As cross-border transactions within Asia Pacific intensify, and trade between East and West heightens, the consequential wave of disputes is becoming increasingly evident. Major cities within the region are eagerly flaunting their arbitration credentials, no better illustrated than by the launch of Maxwell Chambers in Singapore in January.
Singapore is now challenging Hong Kong SAR as the principle international arbitration location in Asia Pacific, but it is not the only jurisdiction to thrust itself onto the global arbitration map. Seoul, Sydney and Kuala Lumpur are just three other examples of locations where the authorities are keenly attempting to draw in lucrative arbitration cases. But even with such high hopes, history is not necessarily on their side.

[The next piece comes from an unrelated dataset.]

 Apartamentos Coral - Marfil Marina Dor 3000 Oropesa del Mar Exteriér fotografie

The global arbitration map is littered with ambitious new international arbitral centres that never managed to develop a sustainable business.
The success of the China International Economic and Trade Arbitration Commission (CIETAC), the Hong Kong International Arbitration Centre (HKIAC) and the Singapore International Arbitration Centre (SIAC), which is now located within Maxwell Chambers, overshadow the rest of Asia’s arbitral venues. Arbitration has become big business in Asia, as court judgments are not enforceable across borders to the same extent as in Europe for instance. Aside from common law jurisdictions such as India, Malaysia and Hong Kong SAR, litigation is considerably less prevalent than in the United States. But with business clashes on the rise, arbitration has sated the desire for an acceptable form of dispute resolution.

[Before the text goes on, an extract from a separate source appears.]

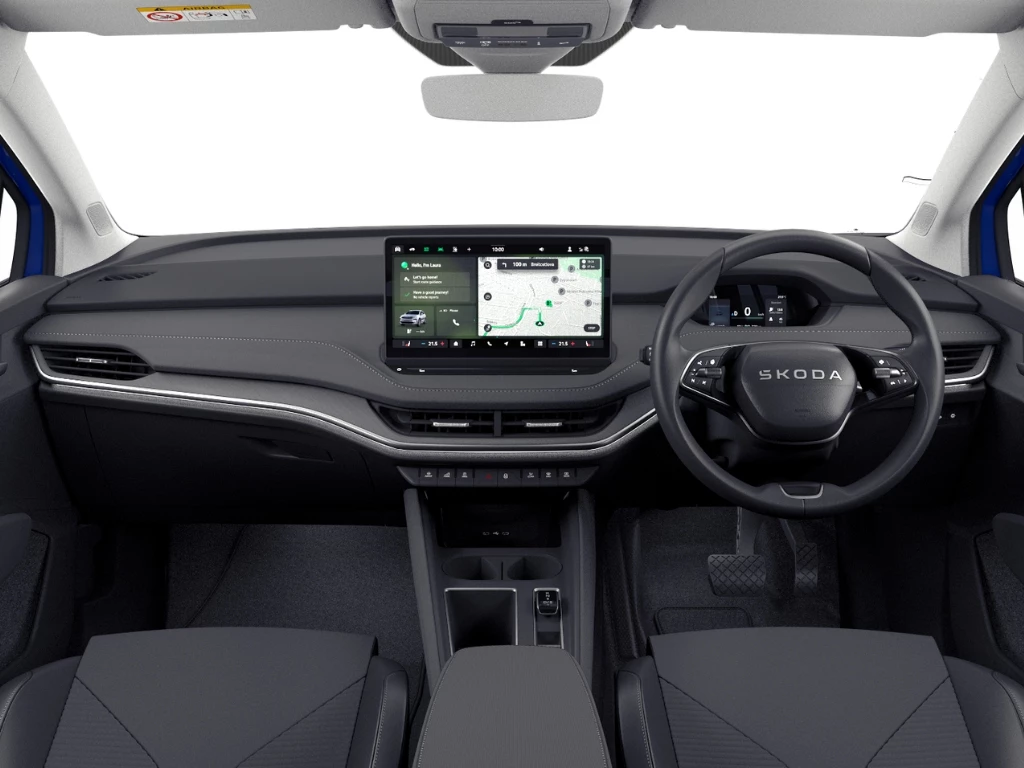 Skoda Enyaq 150kW 60 SE L 63kWh 5dr Auto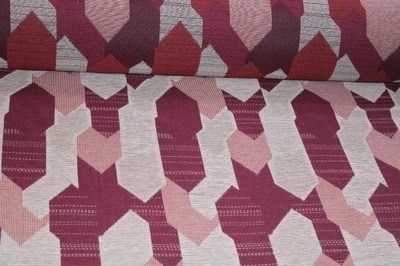 460 Obiciówka tkanina obiciowa tapicerska bawełna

London Clifford Chance partner Denis Brock, the firm’s former Asia Head of Dispute Resolution says: ‘Arbitration is the way ahead in Asia, because it’s transnational and most deals in Asia are cross-border. With the New York Convention, arbitration trumps all.’ As most major Asian states are signed up to the New York Convention, this means arbitral awards are enforceable in multiple jurisdictions.
The statistics already illustrate astounding growth in arbitration cases. In 2009, the SIAC dealt with 160 cases, a 60 per cent increase on the previous year. Ng says: ‘The SIAC has had an explosion of cases in the last year alone.’ This race for distinction ties in with the glitzy launch of Maxwell Chambers in Singapore in January. Sold as a ‘centre for international dispute resolution’ it is one of the boldest attempts by a jurisdiction to become a global leader in ADR, principally arbitration.

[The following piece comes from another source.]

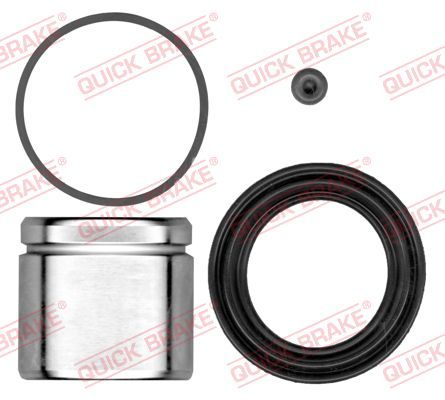 Quick Brake 1145348 Ремонтний комплект, гальмівний супорт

Maxwell Chambers was originally the Customs House from the 1940s onwards, and became known as the ‘White House’. According to Maxwell Chambers’ Chief Executive Wong Sheng Kwai, it has now been rebuilt to house ‘top international arbitral institutions’ and ‘best-of-class hearing facilities’ under one roof.
‘Singapore realises that if it is to continue to develop as a major centre of commerce and finance, it needs to have a world class legal infrastructure in place.’
Essex Court Chambers
The Singapore Government is clearly behind it; the launch party was attended by the Minister for Law, K Shanmugam, and Senior Minister, S Jayakumar. Maxwell Chambers is leased from the Singapore Land Authority and was established through seed money from the Singapore Government. Wong says the intention is that ownership will transfer to the private sector in due course. Essex Court’s Ng comments: ‘Singapore realises that if it is to continue to develop as a major centre of commerce and finance, it needs to have a world class legal infrastructure in place.’
He is not wrong about arbitration and its everincreasing role in international disputes. The majority shareholders in Yukos are currently engaged in a US$100 billion claim against the Russian Federation in the Permanent Court of Arbitration in The Hague. This is believed to be the world’s largest ever arbitration and Legal Business indicates that the legal advisers are billing some US$10 million annually in a case that has run for over five years. Big arbitration cases are not unusual. Last year, French Media conglomerate Vivendi was awarded US$2.43 billion by the London Court of International Arbitration (LCIA) in a case against Poland’s Elektrim. While Asia may not necessarily have the biggest cases, the pace of growth is outstripping Europe and North America, evidenced by SIAC’s huge 60 per cent growth in its number of cases in 2009.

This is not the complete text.